Baignade d'Hidalgo dans la Seine : on nage dans la com'pol
Pauline Bock - - Coups de com' - Sur le gril - 18 commentairesTous les samedis, l'édito médias de Pauline Bock, envoyé dans notre newsletter hebdomadaire gratuite, Aux petits oignons : abonnez-vous !
"1, 2, 3, 4, est-ce que tu m'entends bien ? La baignade est imminente, la baignade est imminente !"
Bienvenue sur BFMTV, priorité au direct : nous sommes le 17 juillet, il est 10 h, et la maire de Paris, Anne Hidalgo, s'apprête à se baigner dans la Seine. Elle s'avance sur le ponton installé à cet effet, vêtue d'une combinaison de plongée. Elle fait coucou aux caméras de BFM et consorts, installées sur la rive. Petite séance photo avec ses adjoints, qui vont également faire plouf.
"Suivez en direct la baignade d'Anne Hidalgo dans la Seine, à 9 jours des JO", promet la chaîne d'info. "Ça y est, c'est bon, elle est dans l'eau !"
entend-on le reporter de BFM dire à l'antenne – celui qui déclarait quelques secondes plus tôt que "la baignade est imminente". Un micro de Franceinfo se promène en direct sur l'antenne de BFM : "Tu peux pousser un petit peu ton micro, s'il te plaît ?", entend-on le reporter demander à son/sa collègue de direct.

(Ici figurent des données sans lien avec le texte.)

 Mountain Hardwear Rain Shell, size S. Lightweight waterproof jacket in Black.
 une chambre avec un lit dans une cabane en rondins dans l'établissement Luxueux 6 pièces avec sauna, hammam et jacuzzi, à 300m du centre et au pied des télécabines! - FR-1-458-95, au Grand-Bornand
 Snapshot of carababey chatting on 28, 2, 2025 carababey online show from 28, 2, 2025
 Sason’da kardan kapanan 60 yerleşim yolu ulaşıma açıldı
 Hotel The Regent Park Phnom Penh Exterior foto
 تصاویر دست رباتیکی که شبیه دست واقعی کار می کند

Sous les applaudissements, le préfet de Paris et ses adjoints suivent la maire dans l'eau et font quelques brasses.
"On est sur une combinaison un peu plus courte pour Anne Hidalgo, qui est accompagnée de Pierre Rabadan, son adjoint, commente le reporter de BFM. Anne Hidalgo, qui va très vite, comparée à Amélie Oudéa-Castéra ce week-end !" Car oui, avant la séquence "Hidalgo se baigne", les chaînes d'info en continu s'étaient déjà délectées de la séquence "la ministre des Sports grille la priorité à Hidalgo et se baigne en avant-première" le 13 juillet. Ce qu'en retiennent les chaînes d'info comme BFM, ce n'est pas la concurrence de la communication politique entre la ministre et la maire ; ni l'analyse des messages que veulent faire passer ces politiques en surjouant la nage dans un fleuve dont on apprenait, il y a encore quelques semaines, qu'il demeure impropre à la baignade l'immense majorité du temps. Non : c'est la comparaison entre les techniques de nage et, bien pire encore, entre la longueur des combinaisons des deux femmes.

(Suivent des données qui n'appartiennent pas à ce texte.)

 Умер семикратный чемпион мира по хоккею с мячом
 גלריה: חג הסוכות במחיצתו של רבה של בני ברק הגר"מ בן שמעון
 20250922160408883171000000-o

Le reporter de BFM nous apprend ensuite que "le préfet de Région profite de cette baignade pour faire quelques tours" et que "c'est son défi le plus important de son année car c'est lui qui signera les arrêtés de baignade". Conclusion : puisque la météo va être "clémente", "ça devrait le faire" pour les épreuves olympiques de triathlon. Et tant qu'à continuer cette édition spéciale de l'absurde, pourquoi ne pas carrément inviter le fils d'Anne Hidalgo, qui est nageur mais que le bandeau présente comme "Aventurier, fils d'Anne Hidalgo". Ce n'est pas une blague, même si on préfèrerait. Et c'est un grand expert, puisqu'il a... appris à sa mère à plonger. "Je lui ai donné quelques conseils pour que ça se passe mieux, mais sinon, elle sait bien nager", dit-il avec un rire nerveux. "C'est vrai qu'elle a un crawl assez efficace, la maire de Paris !", répond la présentatrice de BFM.

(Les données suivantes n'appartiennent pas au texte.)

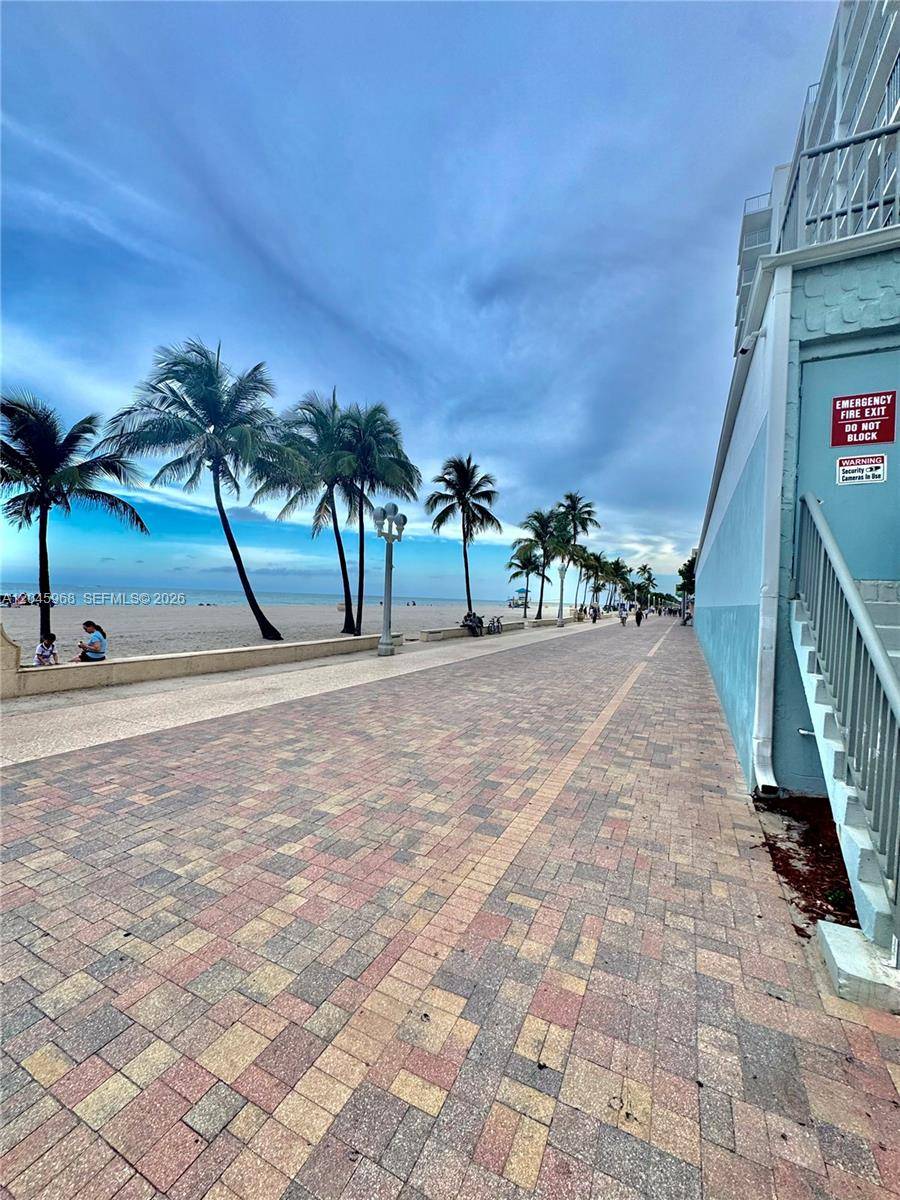 400 N Surf RdHollywood - Condo 5+ Stories,Condo condo unit RGB - picture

Retour en direct avec le reporter sur les bords de Seine : "On ne pouvait pas se baigner dans la Seine pendant 101 ans, c'est un moment historique que l'on vit ce matin !" Un moment tellement historique que de nombreux journalistes ont également tenu à piquer une tête dans l'eau verte du fleuve, du Nouvel Obs à Elle en passant par Bloomberg et CNN.
Seul Mediapart ne s'y est pas laissé berner. "À coups de mises en scène et de «storytelling», les autorités fabriquent l'histoire d'un fleuve parisien libéré de la pollution et accessible aux baigneurs. Mais un écosystème ne se transforme pas d'un coup de baguette, même olympique", a écrit le média indépendant, en clamant en Une, aux côtés d'une photo d'Hildalgo barbotant : "Non, la Seine n'est toujours pas baignable". "Ni les critères réglementaires ni les conditions démocratiques ne sont réunis pour en assurer la baignabilité", ajoute le site. Si seulement les conditions démocratiques étaient réunies pour que les médias français ne se noient pas dans la communication politique.